The concept and execution were a lot of fun, and aside from a somewhat forced and pained musical number, I enjoyed it a great deal. But the aspect of the episode that I found most intriguing was a nugget of information that flashed on the screen through the credits:
We’ve seen creator credits, both in DC comics and other-media adaptations of its super-hero properties, for Superman creators Jerry Siegel and Joe Shuster and Batman creator Bob Kane for years. More recently, credits have shown up for Wonder Woman creator William Moulton Marston and for Jack Kirby for his Fourth World characters. But as a character and a contribution to DC’s super-hero mythos, the Huntress really isn’t in the same league as those other characters, and Levitz, while a long-time presence and influence in the comics industry, certainly hasn’t achieved the same level of noteworthiness as Siegel, Shuster, Kane or Kirby.

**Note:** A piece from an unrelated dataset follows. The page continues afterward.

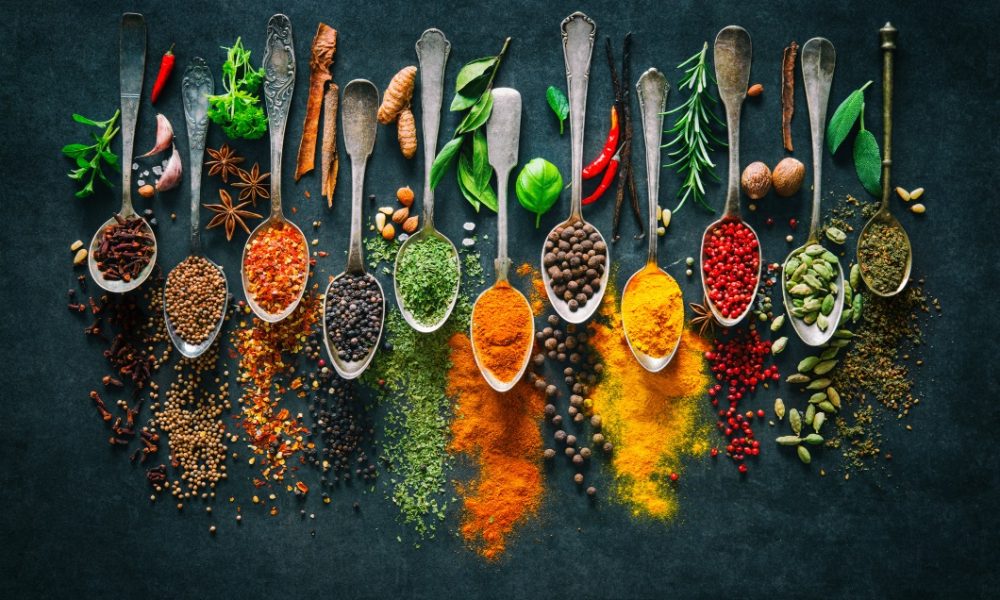 Colourful various herbs and spices for cooking on dark background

I wondered if this was representative of a new creator-credit policy developed either (a) specifically for Levitz, as he recently stepped down as the president of DC Comics, or (b) as part of a wider-reaching approach to character creator credits by DC Entertainment.
I checked out the credits from the most recent issue of Birds of Prey, the only ongoing DC title to feature the Huntress prominently month after month. There’s no mention of Levitz there.
So with this information about the inconsistently applied Huntress creator credit in hand, I emailed a couple of DC Comics’ public-relations officials about the issue, informing them I was planning to write a piece for this website about it.
DC spokesman Alex Segura originally told me company officials were looking into the issue and that he’d have some answers for me after a few days. When I checked back in with him after those few days, I learned no answers would be forthcoming.
“Hey Don, We’re declining comment. Thanks for checking with us,” Segura wrote in a Nov. 19 email.
After reaching that PR dead end, I contacted the man himself. Levitz referred inquiries to DC Comics.
Another aspect of the Huntress creator credit from the Brave and the Bold cartoon that’s a bit puzzling is that it only lists Levitz. The Huntress debuted in two comic books the same week All-Star Comics #69 and DC Super-Stars #17 (both cover dated November-December 1977). While Levitz was the writer on both, the All-Star issue and the Huntress origin story in Super-Stars were illustrated by artist Joe Staton. He’s generally considered the co-creator of the Huntress.
I reached Staton online, and he said that he was unaware of Levitz’s creator credit on The Brave and the Bold, though he didn’t seem put out by his exclusion.
“I didn’t even know that there were creator credits on B&B. At the time of the Huntress’s creation, the rule was that whoever did the first six appearances of a character was considered ‘vested’ in the character and was considered (co-) creator, so officially, Paul [Levitz], Bob Layton and I are listed as the creators of the Huntress,” he wrote.
“In any event, I get royalties, which is cool.”
When contacted for comment, Batman: The Brave and the Bold series producer Michael Jelenic said he and the other producers of The Brave and the Bold don’t know why Levitz was singled out for this new creator credit.
“DC determines which creators we give onscreen credits to. Don’t know what their criteria is though. I don’t think it’s an exact science,” he said.
Unfortunately, I’m left with just as many questions after making my inquiries as I did before, if not more.